#### Exercise brief:
From the entries below, output the line with "美国代购Laredo男靴深棕灰拼接刺绣西部牛仔方头高帮靴" and each following line up to and including the line with "Hair bow templates,wood", exactly as written.
**** Dataset content
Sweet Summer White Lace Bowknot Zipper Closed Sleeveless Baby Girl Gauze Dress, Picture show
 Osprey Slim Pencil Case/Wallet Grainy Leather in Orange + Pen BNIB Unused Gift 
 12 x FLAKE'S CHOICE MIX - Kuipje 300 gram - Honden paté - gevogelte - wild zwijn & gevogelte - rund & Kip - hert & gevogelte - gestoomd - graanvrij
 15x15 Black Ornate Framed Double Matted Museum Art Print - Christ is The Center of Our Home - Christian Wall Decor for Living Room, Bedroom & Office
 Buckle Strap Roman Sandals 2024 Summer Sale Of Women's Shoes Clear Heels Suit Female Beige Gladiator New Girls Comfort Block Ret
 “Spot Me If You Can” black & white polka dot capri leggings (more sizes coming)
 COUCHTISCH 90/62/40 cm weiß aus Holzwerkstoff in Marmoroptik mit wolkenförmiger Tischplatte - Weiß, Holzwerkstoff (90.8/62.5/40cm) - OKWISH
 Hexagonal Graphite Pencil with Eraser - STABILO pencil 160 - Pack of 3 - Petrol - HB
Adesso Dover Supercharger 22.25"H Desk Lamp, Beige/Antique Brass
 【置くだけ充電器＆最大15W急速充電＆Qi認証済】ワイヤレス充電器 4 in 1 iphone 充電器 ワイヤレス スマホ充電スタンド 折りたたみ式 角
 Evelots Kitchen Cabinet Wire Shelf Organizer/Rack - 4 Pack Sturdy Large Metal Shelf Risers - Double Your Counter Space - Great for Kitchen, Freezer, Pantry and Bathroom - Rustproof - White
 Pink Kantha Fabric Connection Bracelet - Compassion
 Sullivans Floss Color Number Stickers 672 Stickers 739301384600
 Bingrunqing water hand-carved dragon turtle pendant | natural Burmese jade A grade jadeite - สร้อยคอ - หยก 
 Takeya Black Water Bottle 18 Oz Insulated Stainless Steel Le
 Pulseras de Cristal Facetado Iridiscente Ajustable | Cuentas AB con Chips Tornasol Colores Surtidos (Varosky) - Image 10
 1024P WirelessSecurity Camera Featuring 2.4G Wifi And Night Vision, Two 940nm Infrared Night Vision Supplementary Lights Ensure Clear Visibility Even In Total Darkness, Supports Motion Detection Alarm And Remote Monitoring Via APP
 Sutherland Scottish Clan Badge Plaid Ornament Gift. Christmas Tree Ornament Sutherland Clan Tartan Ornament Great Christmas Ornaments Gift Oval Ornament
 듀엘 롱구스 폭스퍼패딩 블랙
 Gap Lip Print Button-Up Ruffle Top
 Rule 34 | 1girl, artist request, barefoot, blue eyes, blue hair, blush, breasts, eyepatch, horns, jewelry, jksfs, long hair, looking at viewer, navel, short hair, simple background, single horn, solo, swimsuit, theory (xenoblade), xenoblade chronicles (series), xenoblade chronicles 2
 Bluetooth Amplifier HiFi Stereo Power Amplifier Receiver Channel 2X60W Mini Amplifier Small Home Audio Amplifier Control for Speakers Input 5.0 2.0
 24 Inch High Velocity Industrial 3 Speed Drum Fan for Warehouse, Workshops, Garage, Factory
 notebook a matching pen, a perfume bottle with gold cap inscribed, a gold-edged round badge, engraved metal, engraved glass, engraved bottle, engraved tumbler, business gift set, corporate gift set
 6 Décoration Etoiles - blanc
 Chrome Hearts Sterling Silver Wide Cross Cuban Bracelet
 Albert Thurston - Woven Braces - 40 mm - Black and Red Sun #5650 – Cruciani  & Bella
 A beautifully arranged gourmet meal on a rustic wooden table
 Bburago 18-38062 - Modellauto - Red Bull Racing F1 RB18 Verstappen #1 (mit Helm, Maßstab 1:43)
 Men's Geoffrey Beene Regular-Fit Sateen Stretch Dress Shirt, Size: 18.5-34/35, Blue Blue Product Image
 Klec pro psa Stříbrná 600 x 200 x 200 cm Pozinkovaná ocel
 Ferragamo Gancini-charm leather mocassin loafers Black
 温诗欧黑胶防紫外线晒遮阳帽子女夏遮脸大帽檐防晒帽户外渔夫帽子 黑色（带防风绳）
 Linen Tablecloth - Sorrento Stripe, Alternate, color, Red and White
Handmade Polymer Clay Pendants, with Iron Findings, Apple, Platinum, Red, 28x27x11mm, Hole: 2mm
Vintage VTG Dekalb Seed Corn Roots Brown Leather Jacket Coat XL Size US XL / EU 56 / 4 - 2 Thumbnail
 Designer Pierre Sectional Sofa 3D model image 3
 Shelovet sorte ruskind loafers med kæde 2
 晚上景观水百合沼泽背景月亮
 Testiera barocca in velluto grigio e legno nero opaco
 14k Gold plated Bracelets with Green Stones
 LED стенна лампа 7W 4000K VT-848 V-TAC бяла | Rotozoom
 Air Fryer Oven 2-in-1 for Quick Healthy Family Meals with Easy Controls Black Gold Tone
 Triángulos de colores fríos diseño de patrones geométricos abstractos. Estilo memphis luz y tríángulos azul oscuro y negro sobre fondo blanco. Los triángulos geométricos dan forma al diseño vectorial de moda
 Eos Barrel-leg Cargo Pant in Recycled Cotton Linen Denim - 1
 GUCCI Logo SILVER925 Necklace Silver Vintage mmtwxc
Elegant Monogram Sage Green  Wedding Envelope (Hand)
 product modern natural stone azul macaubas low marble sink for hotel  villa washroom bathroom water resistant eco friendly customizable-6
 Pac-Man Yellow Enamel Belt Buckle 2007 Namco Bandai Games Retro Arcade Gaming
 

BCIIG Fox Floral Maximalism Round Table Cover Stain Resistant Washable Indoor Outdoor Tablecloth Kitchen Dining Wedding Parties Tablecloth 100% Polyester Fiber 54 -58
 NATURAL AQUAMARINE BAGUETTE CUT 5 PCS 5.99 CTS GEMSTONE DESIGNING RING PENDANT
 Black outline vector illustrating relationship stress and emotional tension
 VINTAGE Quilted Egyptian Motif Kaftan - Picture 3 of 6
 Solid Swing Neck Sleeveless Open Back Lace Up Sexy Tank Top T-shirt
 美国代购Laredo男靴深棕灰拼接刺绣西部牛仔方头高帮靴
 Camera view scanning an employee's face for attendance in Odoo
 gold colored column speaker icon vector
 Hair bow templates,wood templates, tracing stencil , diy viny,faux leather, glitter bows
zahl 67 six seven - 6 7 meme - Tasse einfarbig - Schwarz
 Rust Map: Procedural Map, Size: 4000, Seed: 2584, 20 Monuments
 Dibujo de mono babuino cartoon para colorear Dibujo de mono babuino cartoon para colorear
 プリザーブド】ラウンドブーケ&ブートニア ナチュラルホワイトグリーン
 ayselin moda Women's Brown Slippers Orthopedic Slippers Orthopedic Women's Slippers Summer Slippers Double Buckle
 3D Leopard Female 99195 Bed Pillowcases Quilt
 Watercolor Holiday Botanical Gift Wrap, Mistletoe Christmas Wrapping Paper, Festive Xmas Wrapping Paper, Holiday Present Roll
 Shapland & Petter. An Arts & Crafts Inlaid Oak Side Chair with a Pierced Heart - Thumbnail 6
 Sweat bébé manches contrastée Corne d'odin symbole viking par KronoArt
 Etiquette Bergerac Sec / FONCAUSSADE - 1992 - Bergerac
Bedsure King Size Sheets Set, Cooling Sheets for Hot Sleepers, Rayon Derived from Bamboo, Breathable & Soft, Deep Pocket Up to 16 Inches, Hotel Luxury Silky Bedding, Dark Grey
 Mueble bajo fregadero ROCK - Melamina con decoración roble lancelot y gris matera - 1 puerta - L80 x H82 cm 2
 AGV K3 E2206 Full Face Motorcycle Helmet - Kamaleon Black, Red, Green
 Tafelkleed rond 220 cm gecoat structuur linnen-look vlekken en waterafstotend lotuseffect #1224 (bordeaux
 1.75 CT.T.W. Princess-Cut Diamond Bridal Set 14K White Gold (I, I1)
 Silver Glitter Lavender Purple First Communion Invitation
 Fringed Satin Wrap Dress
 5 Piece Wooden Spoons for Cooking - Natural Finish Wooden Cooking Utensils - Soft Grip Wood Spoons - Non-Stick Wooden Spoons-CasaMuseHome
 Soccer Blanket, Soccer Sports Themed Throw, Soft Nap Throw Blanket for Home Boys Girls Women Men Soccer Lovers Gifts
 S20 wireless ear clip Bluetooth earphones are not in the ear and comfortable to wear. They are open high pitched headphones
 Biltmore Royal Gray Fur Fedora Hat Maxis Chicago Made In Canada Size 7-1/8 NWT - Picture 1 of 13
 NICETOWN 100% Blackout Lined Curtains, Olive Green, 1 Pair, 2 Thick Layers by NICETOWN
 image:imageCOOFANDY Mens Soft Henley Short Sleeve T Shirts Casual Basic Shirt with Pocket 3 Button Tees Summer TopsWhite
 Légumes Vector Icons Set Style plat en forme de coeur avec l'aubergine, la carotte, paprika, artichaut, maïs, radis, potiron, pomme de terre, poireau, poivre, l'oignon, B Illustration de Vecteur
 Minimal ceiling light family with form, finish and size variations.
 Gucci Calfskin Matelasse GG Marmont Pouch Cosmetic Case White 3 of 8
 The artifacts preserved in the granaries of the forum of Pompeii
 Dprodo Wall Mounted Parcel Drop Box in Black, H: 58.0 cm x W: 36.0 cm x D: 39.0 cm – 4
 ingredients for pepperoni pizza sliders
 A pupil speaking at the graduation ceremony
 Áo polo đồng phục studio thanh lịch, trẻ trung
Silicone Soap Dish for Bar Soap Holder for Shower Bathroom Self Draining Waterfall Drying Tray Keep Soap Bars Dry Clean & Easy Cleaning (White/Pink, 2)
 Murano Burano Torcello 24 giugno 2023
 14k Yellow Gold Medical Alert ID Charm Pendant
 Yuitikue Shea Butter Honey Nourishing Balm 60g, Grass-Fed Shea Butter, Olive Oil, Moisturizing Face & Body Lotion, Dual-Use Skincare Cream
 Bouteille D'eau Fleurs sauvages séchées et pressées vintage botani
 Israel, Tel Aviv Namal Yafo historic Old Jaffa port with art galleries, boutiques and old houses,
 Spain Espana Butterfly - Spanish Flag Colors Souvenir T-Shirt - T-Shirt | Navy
********
#### Result of the task:
 美国代购Laredo男靴深棕灰拼接刺绣西部牛仔方头高帮靴
 Camera view scanning an employee's face for attendance in Odoo
 gold colored column speaker icon vector
 Hair bow templates,wood templates, tracing stencil , diy viny,faux leather, glitter bows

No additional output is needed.